The singer is invoking the State of California’s Unfair Business Practices Act to demand proper compensation following the provision of an extremely profitable business venture idea, and has arrived at the requested amount after factoring in interest, stock trends and other industry variables.
Jackson’s primary lawyer Blair G. Brown said the requested compensation amount of $348 million USD is “a mere pittance in the grand scheme of things,” alluding to YouTube’s continued growth and success.

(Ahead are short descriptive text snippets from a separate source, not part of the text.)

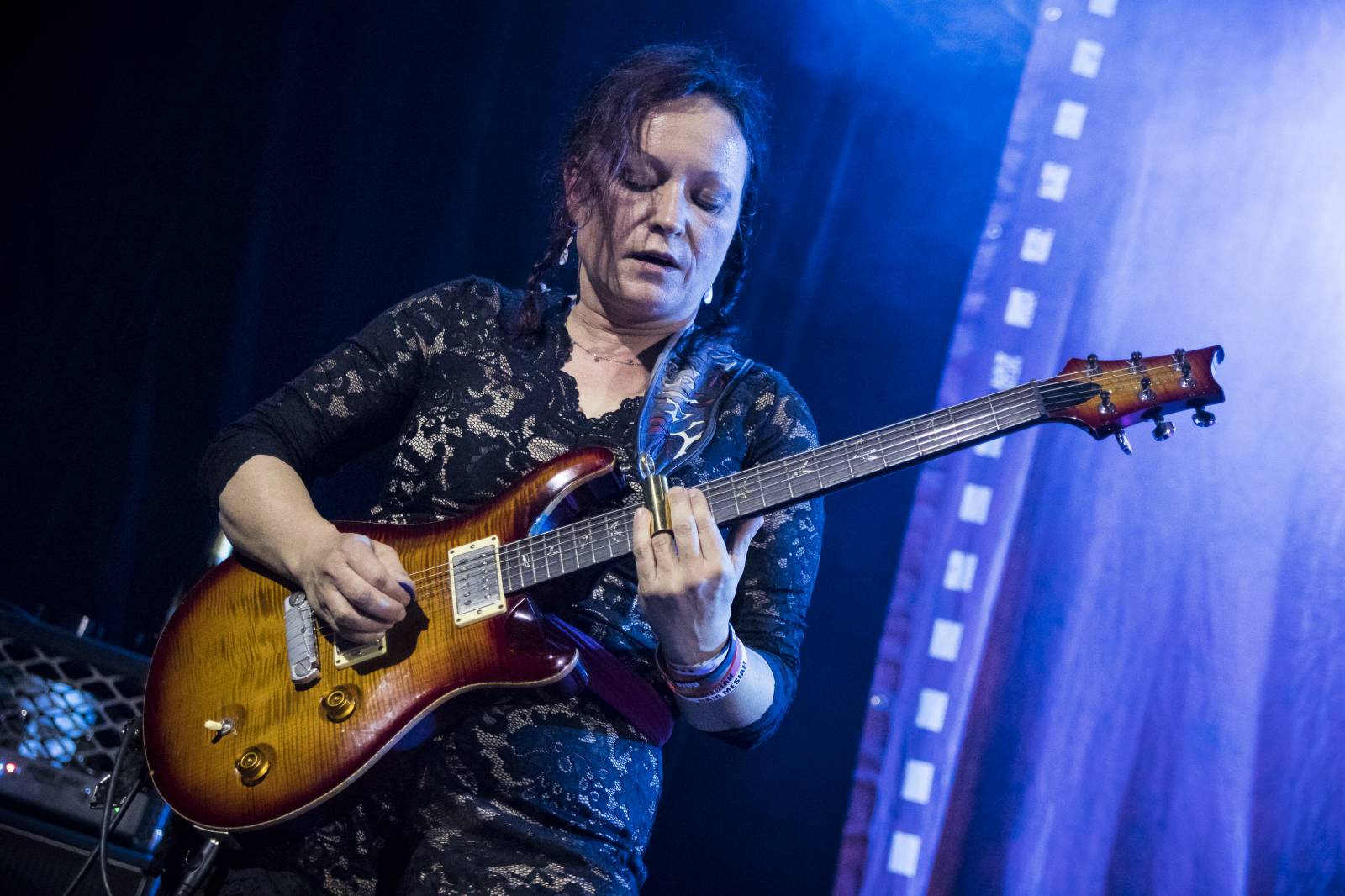 Gaia Mesiah rozvlnila klub Roxy a pokřtila nové album Vlnobytí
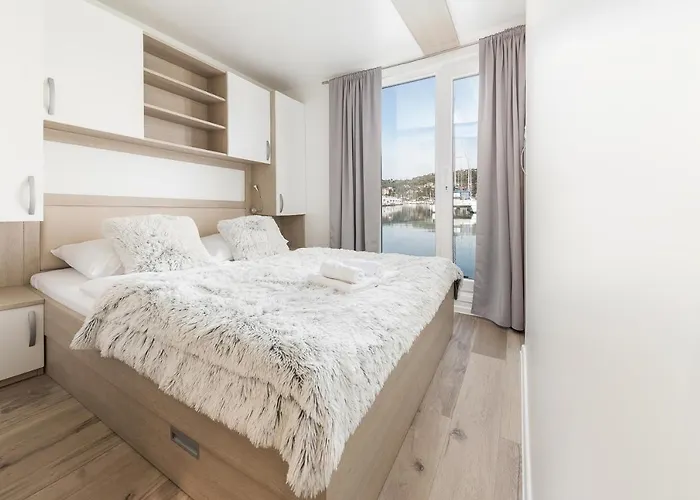 Floating Sea House Gong *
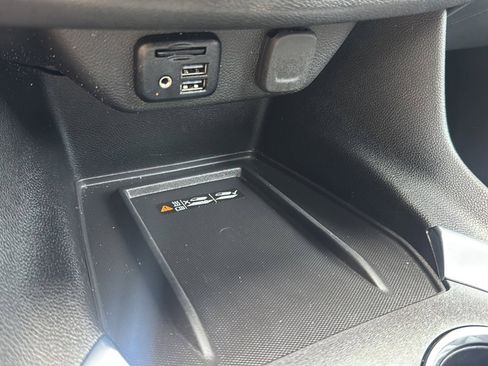 Used 2023 Chevrolet Traverse High Country image 43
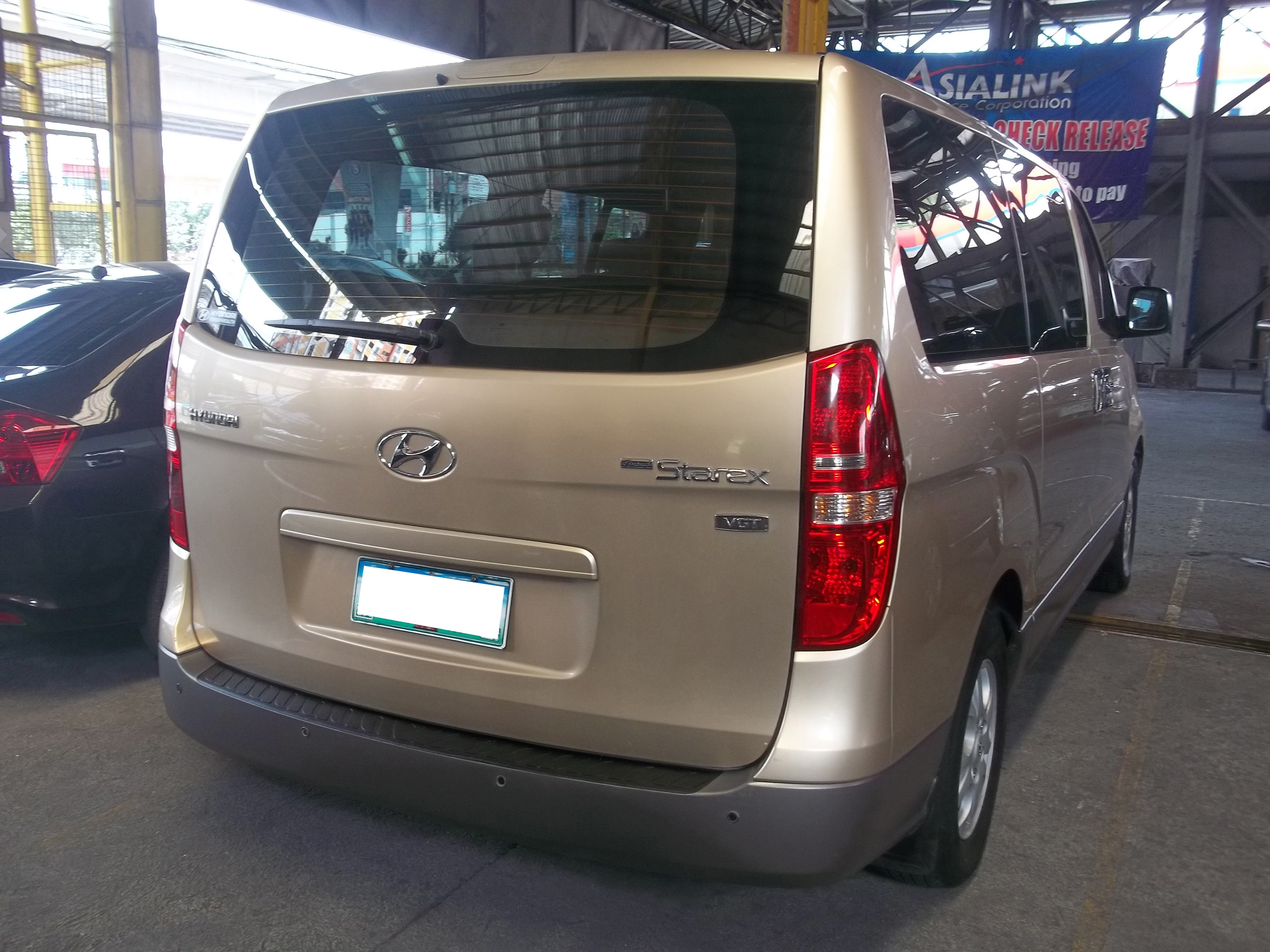 Hyundai Starex Gold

“Let it be clear to everyone that Ms. Jackson is not doing this for the money. She is doing this in the name of fairness,” said Brown. “Without Nipplegate, there would be no YouTube. Without Janet Jackson, there would be no Nipplegate. It’s as simple as that.”
“For all intents and purposes, Janet Jackson is the muse of YouTube,” Brown added. “It is but a fair thing to compensate the muse.”
The defendants could not be reached for their immediate comments, but lawyers for both Hurley and Karim have made statements denouncing the “frivolous lawsuit,” saying they hope the Supreme Court of California would send it to trial “just to show plaintiff how stupid this really is.”
This year marks the tenth anniversary of the Super Bowl incident, which caused widespread uproar in conservative America and resulted in a Federal Communications Commission fine of $550,000 being levied against CBS, the network that aired the controversial event. The fine was later overturned by a federal appeals court. Jackson has since released three studio albums and a greatest hits compilation, and married billionaire tycoon Wissam Al Mana in 2012.